# Directions
Would you output the entries below only from the line containing "体育館で講師から教わり尺八の体験をする児童たちの様子" through the line containing "Unfurnished bedroom with", exactly as they stand and with both ends included?

# Supplied records
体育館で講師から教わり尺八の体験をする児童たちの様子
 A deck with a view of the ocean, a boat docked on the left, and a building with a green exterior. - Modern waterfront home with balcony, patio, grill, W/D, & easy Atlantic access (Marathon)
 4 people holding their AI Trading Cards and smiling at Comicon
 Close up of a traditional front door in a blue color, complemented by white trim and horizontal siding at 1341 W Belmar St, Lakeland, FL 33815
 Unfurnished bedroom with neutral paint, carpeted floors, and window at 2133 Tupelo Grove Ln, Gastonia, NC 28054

---

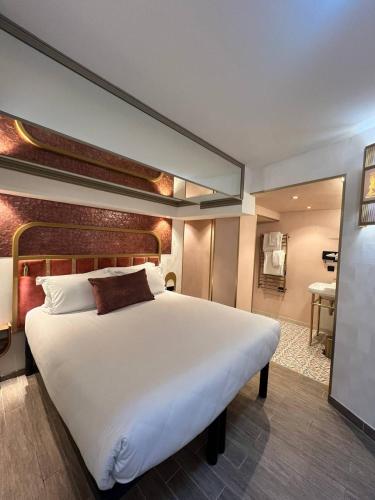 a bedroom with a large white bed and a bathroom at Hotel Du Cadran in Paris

# Task answer
体育館で講師から教わり尺八の体験をする児童たちの様子
 A deck with a view of the ocean, a boat docked on the left, and a building with a green exterior. - Modern waterfront home with balcony, patio, grill, W/D, & easy Atlantic access (Marathon)
 4 people holding their AI Trading Cards and smiling at Comicon
 Close up of a traditional front door in a blue color, complemented by white trim and horizontal siding at 1341 W Belmar St, Lakeland, FL 33815
 Unfurnished bedroom with neutral paint, carpeted floors, and window at 2133 Tupelo Grove Ln, Gastonia, NC 28054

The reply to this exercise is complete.